▸ **Stored data**

++++++++

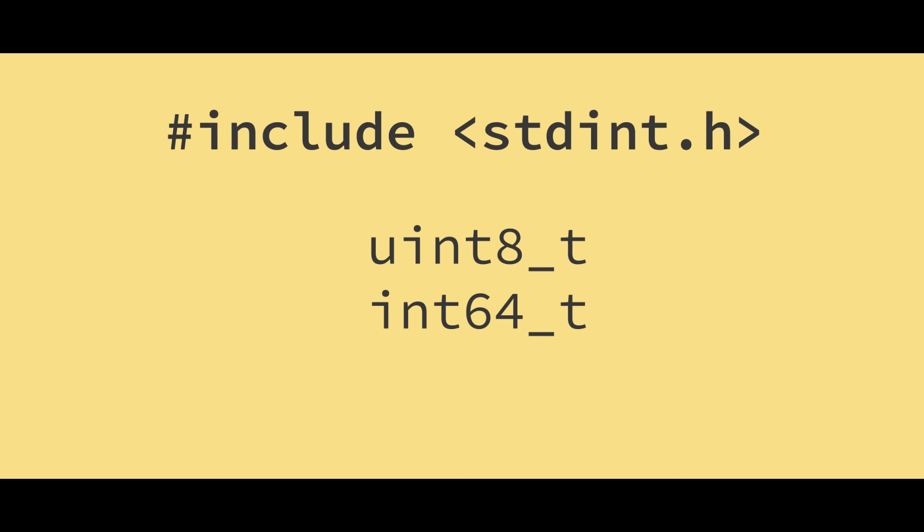So really, that's it. An easy way to produce integer variables that will be the same size on any machine you use. I hope that helps, and happy coding.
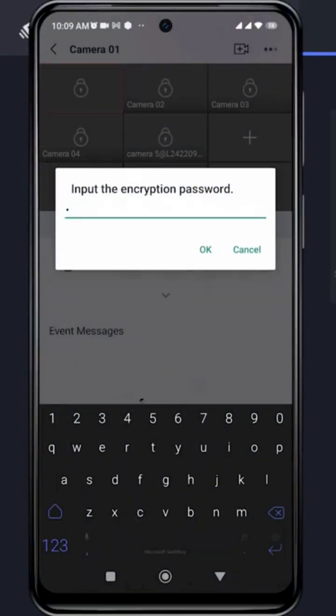Next, please enter the encryption password correctly, and once done, click OK to confirm.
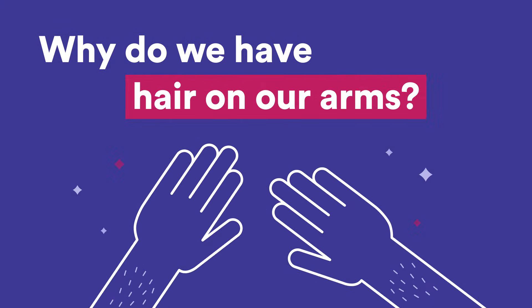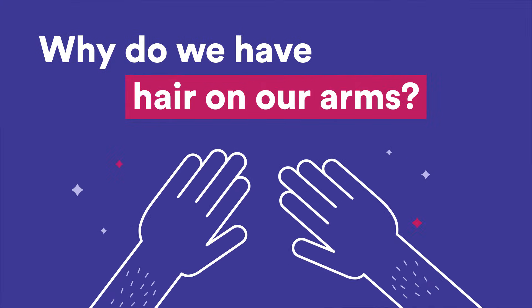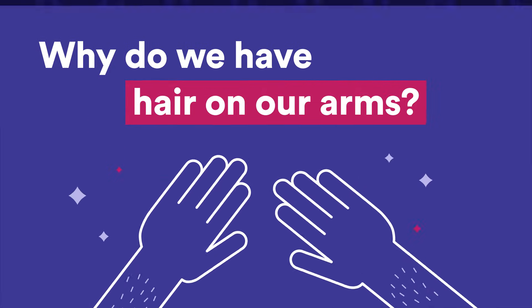This is Wonder Kids, a podcast where you ask the big science questions and the amazing SciTech staff find the answers.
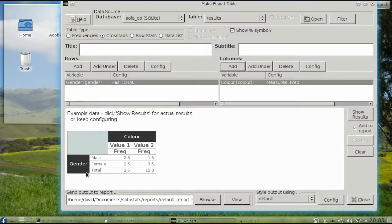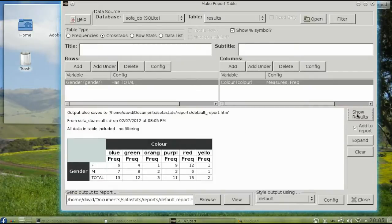The numbers that you see here are just a preview. You must click Show Results to see the actual results.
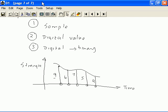The next step is to convert these digital values into digital binary values so that we can transmit this information. The information that needs to be transmitted in this case is 9, 6, 7, 5, 4. If we convert this into digital form, the conversion takes place as follows.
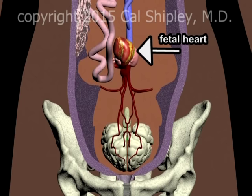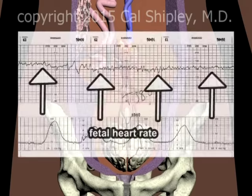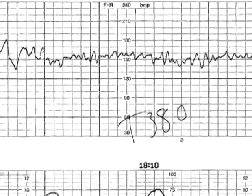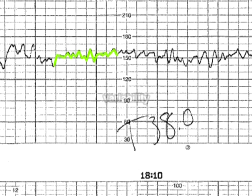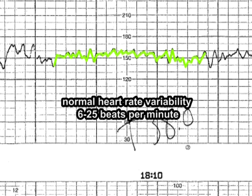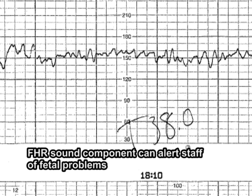During labor, normal uterine contractions appear as wave-like forms, as seen here on this actual FHR recording strip. In contrast, a normal fetal heart rate tracing looks more like a squiggly line. During labor, a normal fetal heart rate is approximately 110 to 170 beats per minute. In a normal fetal heart rate recording, the squiggly characteristic of the tracing results from random variations in the heart rate, also known as variability. Normal fetal heart rate variability is about 6 to 25 beats per minute, and variability within this range indicates a healthy nervous system and normal cardiac responsiveness. Loss of normal variability can be an ominous sign with respect to the condition of the fetus.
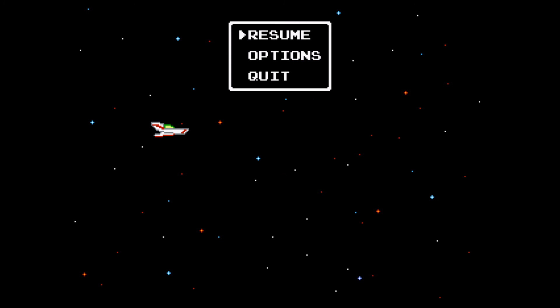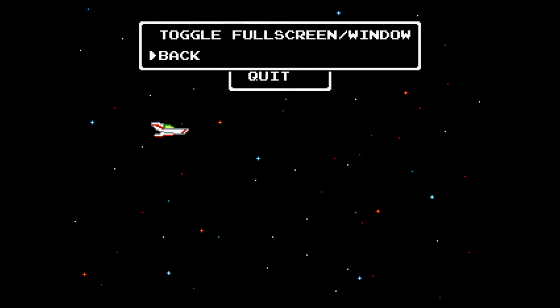It still has game states, menus. I'm controlling this with a PS3 controller, and input works really smooth.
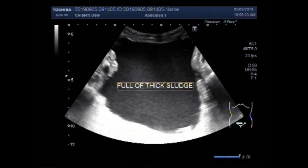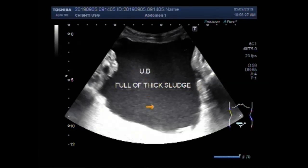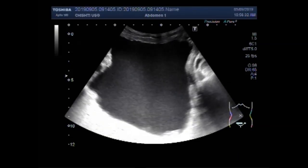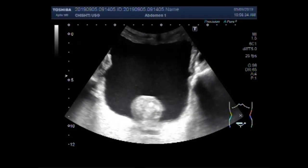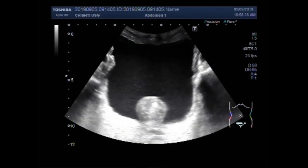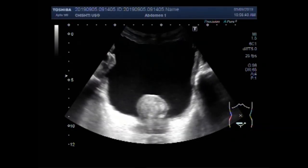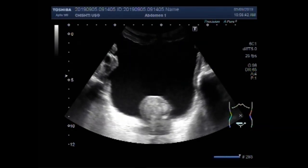This is the picture of the urinary bladder and it is full of thick sludge. Multiple internal echoes are seen, and now you can see a mass — that is a vesicle growth. This is the mass in the urinary bladder.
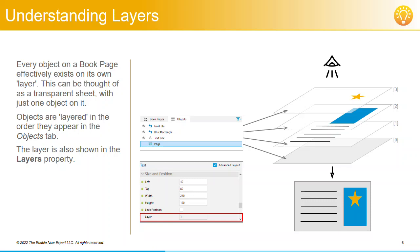Now, the order of the layers is important because if you have overlapping objects, the order in which they are layered determines which ones can be seen.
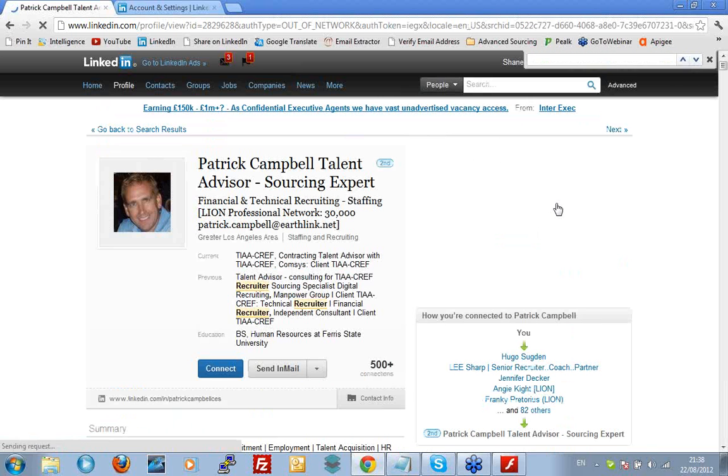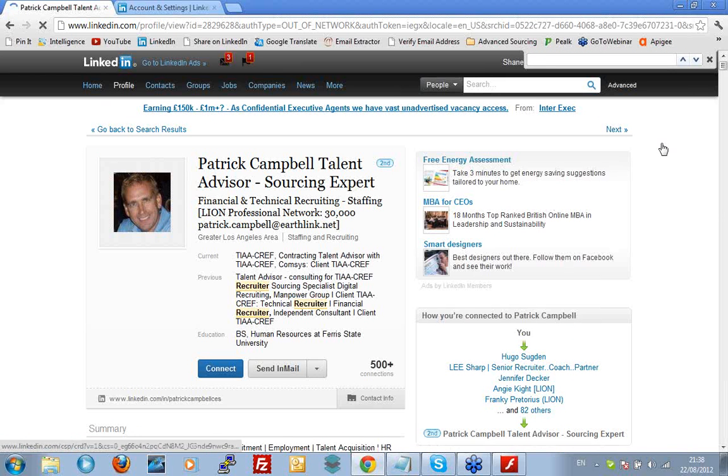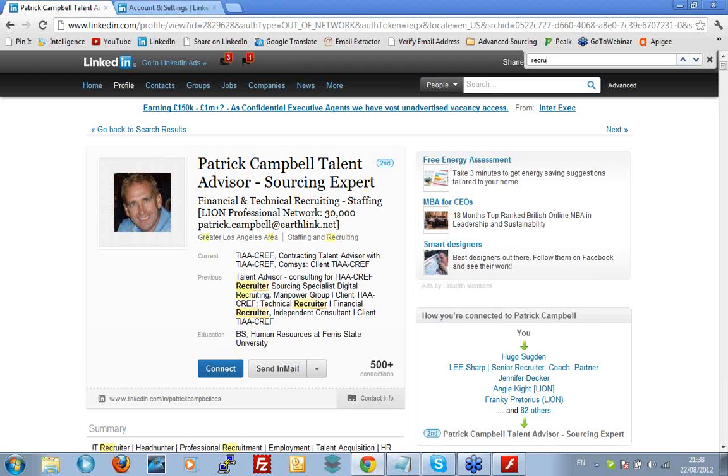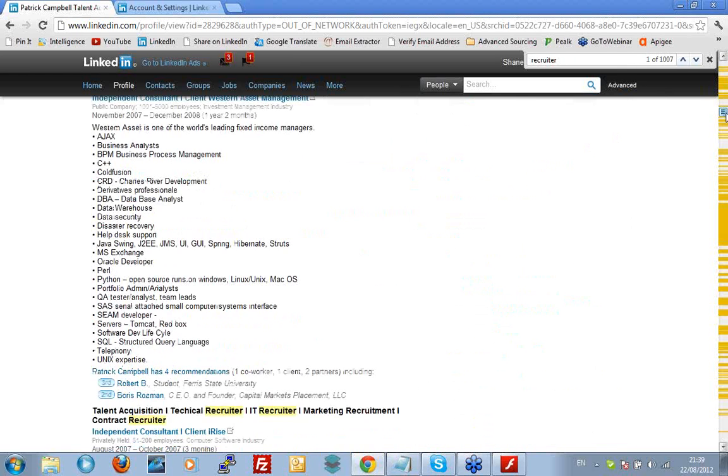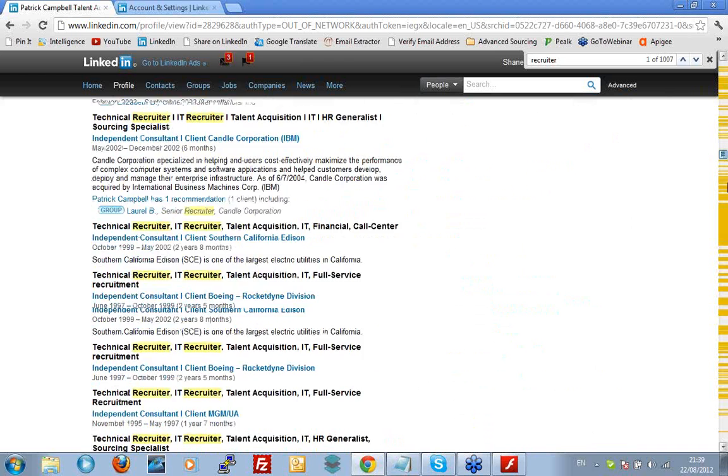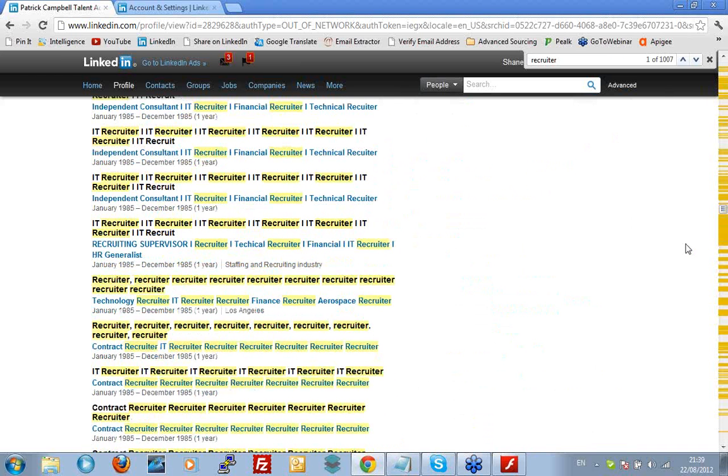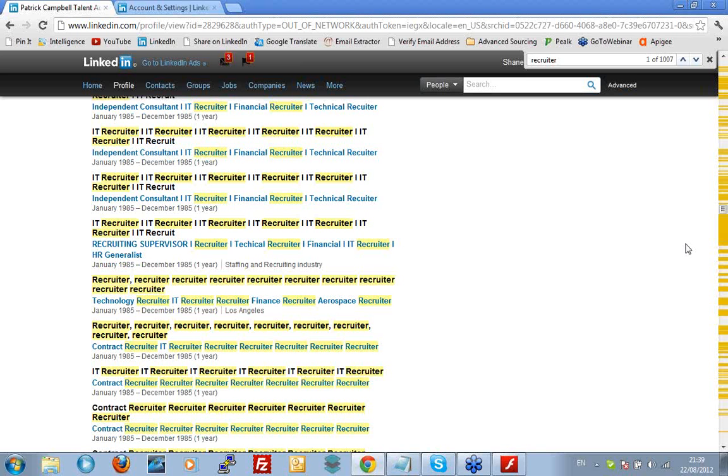LinkedIn does something that search engines do not, and for a very good reason. If I search Patrick's page to see how many times he uses the word recruiter, he has put the word recruiter 1,007 times on his profile. That's why he's coming ahead of the other half million people on LinkedIn. LinkedIn search prioritizes people who use the word a lot. Google doesn't work that way. Bing doesn't work that way. They would see that as keyword stuffing and disadvantage you.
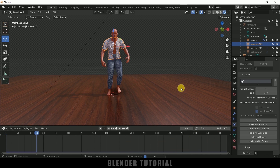In this way we can add clothes to the character and simulate them using cloth physics in Blender easily. Hope you guys have learned something new from this tutorial. If you have learned anything new please like, share and subscribe to support me. We will meet in the next video — until then, signing off, take care, bye.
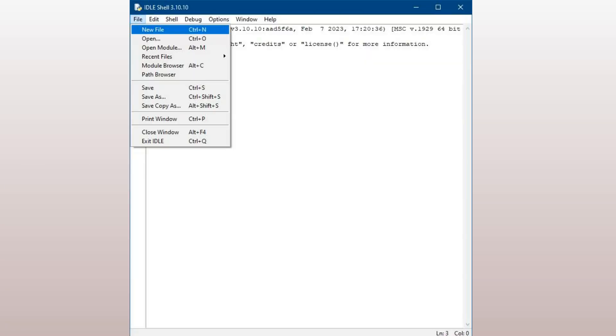Step 5: Write your first Python program. Now that you have Python installed and a code editor ready, let's write your first Python program. Open your code editor, create a new file, and type the following code.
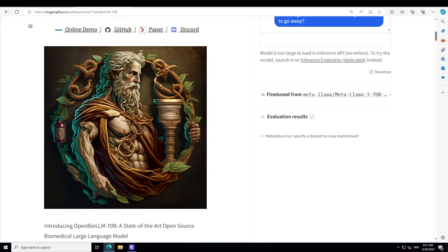It also incorporates the DPO dataset and fine-tuning recipe along with a custom diverse medical instruction dataset. There are a lot of great things happening within its pipeline, such as policy optimization by using direct preference optimization. It also uses custom medical instruct dataset, and this company is also going to release that dataset, which will be amazing.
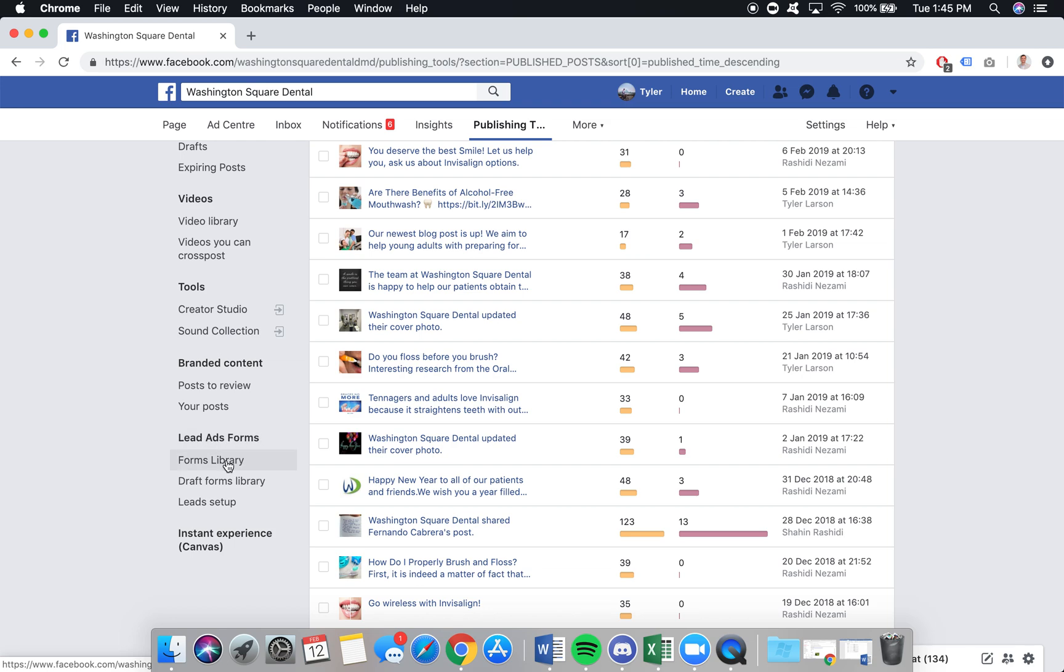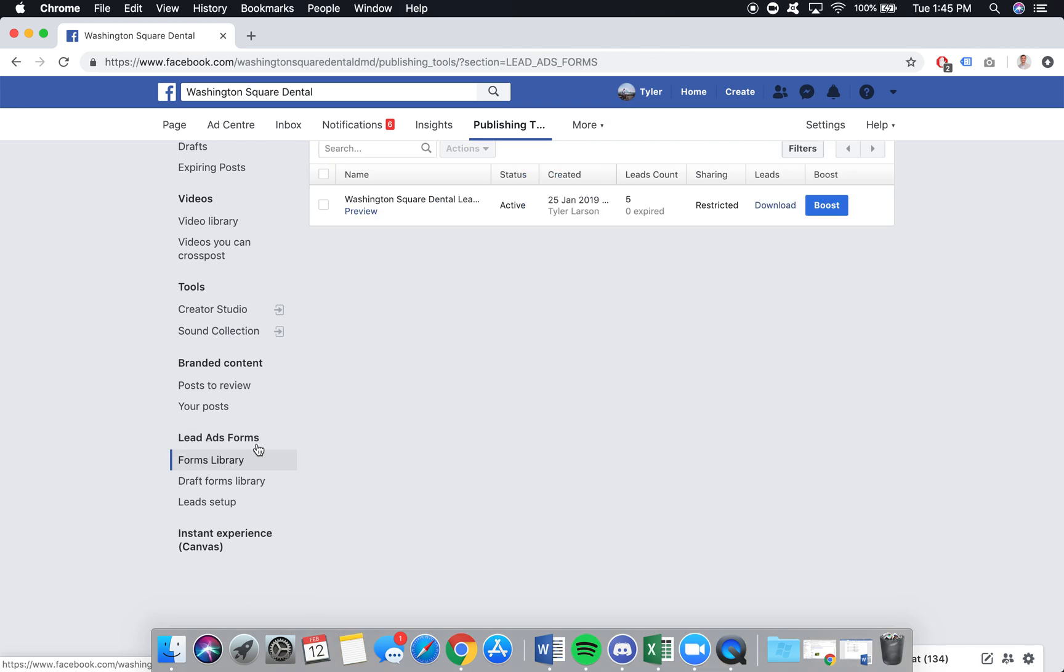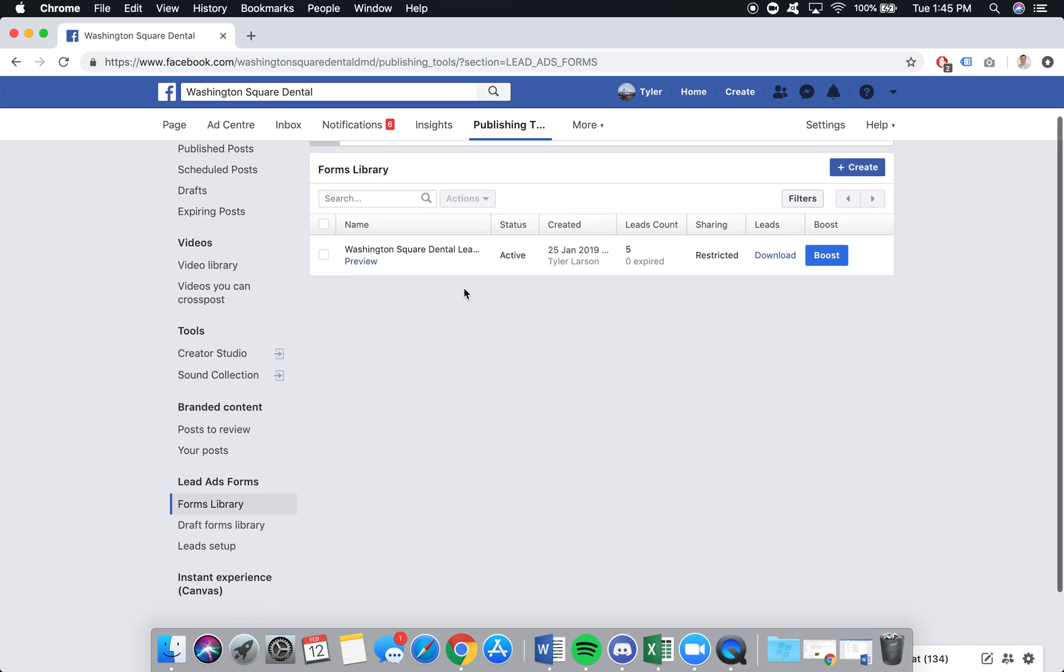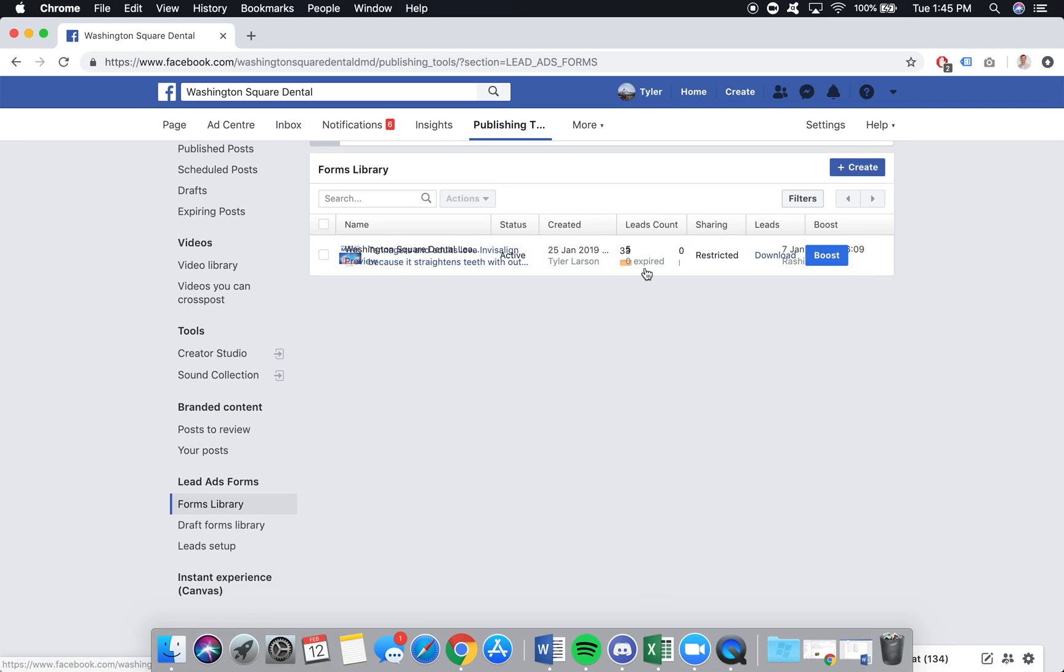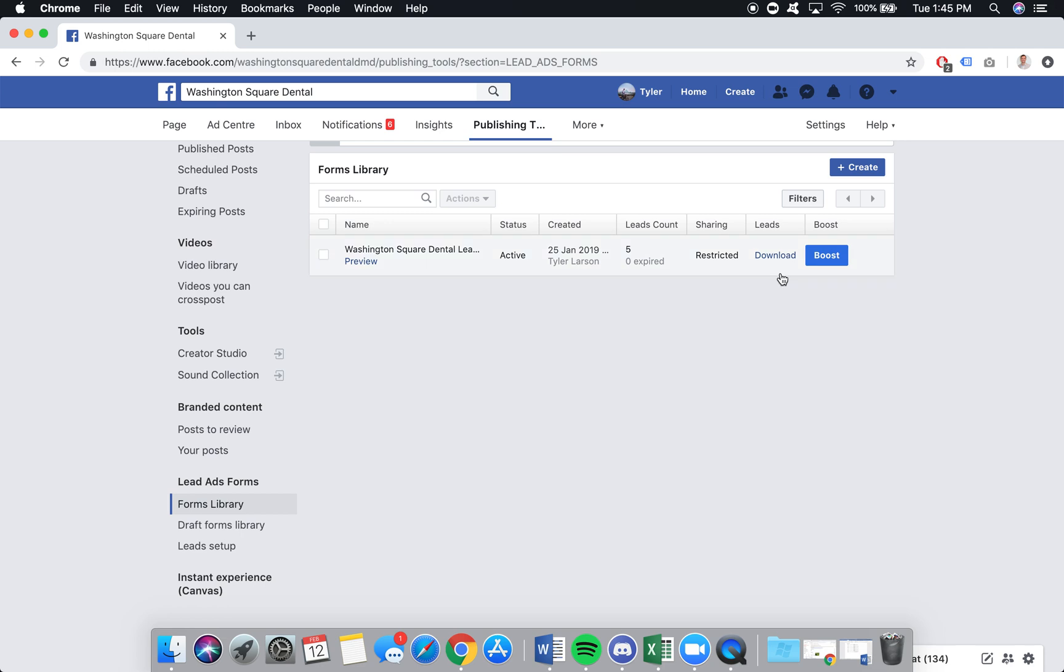So you can see our lead ads forms. You're gonna click on forms library here, and you can see that this is the advertisement we're actively running. We have five leads that have submitted information.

++++++++

▸ **Problem description**
Look above for the line with "This is Wonder" and the line with "The numbers that", then copy them and all lines in between exactly as written, and only those, without any pictures.

▸ **Exercise response**
This is Wonder Kids, a podcast where you ask the big science questions and the amazing SciTech staff find the answers.
The numbers that you see here are just a preview. You must click Show Results to see the actual results.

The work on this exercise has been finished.